Dustin Hoffman (magnífico na composição e transformação de seu tipo) é o professor de matemática, um pacato acadêmico americano que procura refúgio na cidade de origem de sua jovem esposa, na Escócia, para preparar sua tese. Grave engano. Os rapazes da aldeia, enciumados daquele banana com quem a bela Susan George voltou casada, têm ainda que trabalhar sob suas ordens, na reforma de sua casa isolada. A mulher, entediada e afetada em seu novo status, mexe com os provincianos de maneira pouco aconselhavel. O professor vai sustentando o clima como pode, contra uma escalada de provocações, que vai descambando para a violência. Sexual, inclusive.
Uma questão local, a família que quer justiçar o débil mental que assassinou, inadivertidamente sua caçula namoradeira, vai precipitar a fúria do matemático em defesa de seu "castelo", no qual por acaso o débil se alojou. A partir daí, em pleno domínio do dialeto da violência, Peckinpah desenrola, expõe, saboreia plano a plano, ora na câmera lenta ora em cortes rápidos, uma verdadeira chacina. Um dos filmes mais angustiantes de todos os tempos e mais sedutor representante da corrente da justiça-pelas-próprias-mãos. Uma experiência lacinante.

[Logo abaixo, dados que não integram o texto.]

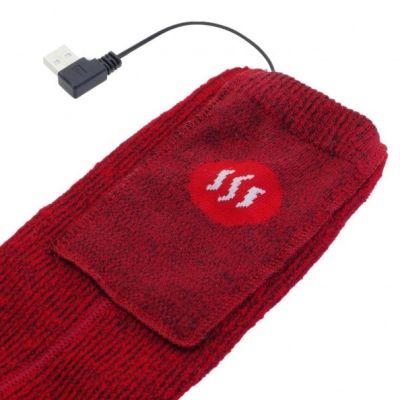 23. GLOVII SKARPETY OGRZEWANE POWER BANKIEM ROZMIAR L (41-46), CZERWONE, BATERIE, ŁADOWARKA I PILOT W ZESTAWIE, GQ3L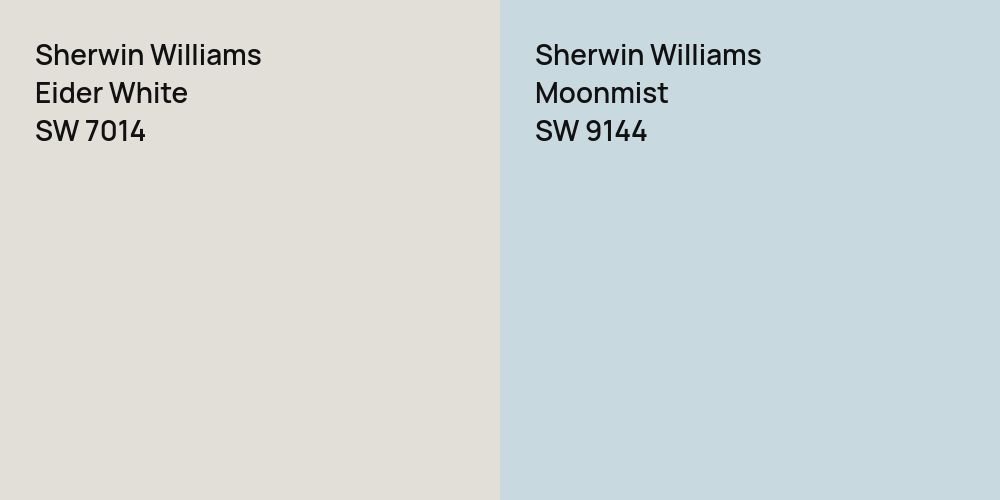 Sherwin Williams Eider White vs. Sherwin Williams Moonmist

☺☺☺☺O Último Tango em Paris (Le Denier Tando à Paris, 1972)
Na época do lançamento do filme não se falava em outra coisa: um apartamento decrépito em Paris, os encontros clandestinos entre Marlon Brando e Maria Schneider, aquela barra de mateiga... Dirigido por Bernardo Bertolucci, O Último Tango ganhou imediatamente o status de uma obra-prima , tão escandalosa quanto inovadora. Ao vê-lo, a crítica americana Pauline Kael escreveu que Brando e Bertolucci haviam mudado "a face de uma forma de arte". No filme Brando faz um desses personagens clássicos da ficção de cunho existencialista, um americano desgarrado, em todos os sentidos , na França. Sua mulher acabou de se matar. Como reação, ele envolve uma jovem desconhecida numa relação de sexo mutuamente destrutivo. Ela entra no jogo para, presume-se, fugir à sua vida burguesa.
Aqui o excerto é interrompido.